Festivals

Splendeurs chorales

Pour son concert de clôture, le 15ème festival international Toulouse les Orgues, en partenariat avec Odyssud, avait invité le prestigieux chœur de chambre « les éléments » et son directeur Joël Suhubiette qui avait conçu pour cette soirée un étonnant programme. Embrassant un répertoire d’une prodigieuse diversité, celui-ci couvre la plus vaste période créatrice qui se puisse imaginer. Du 16ème siècle à nos jours, les œuvres interprétées emportent l’auditeur-spectateur dans un voyage à travers le temps et l’espace… La cathédrale Saint-Etienne qui héberge cette soirée offre la résonance qui convient à ces musiques de l’esprit.

La pièce d’ouverture plonge dans la pureté stylistique et expressive du grand Palestrina. Son Stabat Mater à huit voix et deux chœurs plane très haut. Les voix mêlées des chanteurs de l’ensemble y maintiennent un équilibre admirable et un sens profond de la prosodie. Avec le Magnificat Sexti Toni à douze voix et trois chœurs de Tomás Luis de Victoria, formidable polyphoniste de la Renaissance espagnole, la musique se fait symbole. La Sainte Trinité s’incarne dans les trois groupes de chanteurs habilement spatialisés à la frontière entre les deux parties décalées de l’église.

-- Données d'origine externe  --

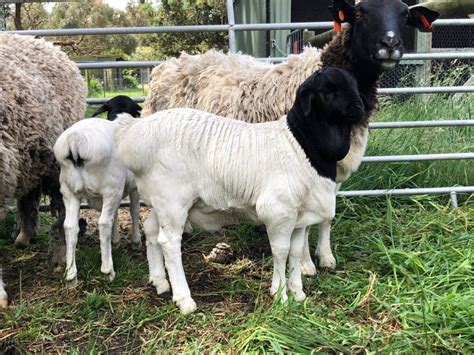 Sheep Breeds Part 1 Sheep Raised For Mutton ProAgri Media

Le choeur de chambre « les éléments », dirigé par Joël Suhubiette, avec la soprano solo Julia Wischniewski (Photo Classictoulouse)

Cette spatialisation atteint son paroxysme avec le fantastique motet Qui habitat in adiutorio altissimi, de Josquin des Prés. Dispersés autour des spectateurs selon six groupes de quatre chanteurs chacun, le chœur distille une véritable magie sonore. L’ostinato rythmique et mélodique qui bat comme un cœur ému donne le vertige. Proche des délires polyphoniques des anglais de la Renaissance (on pense au fameux motet à quarante voix de Thomas Tallis), cette pièce, prodigieusement chantée, transporte autant qu’elle charme.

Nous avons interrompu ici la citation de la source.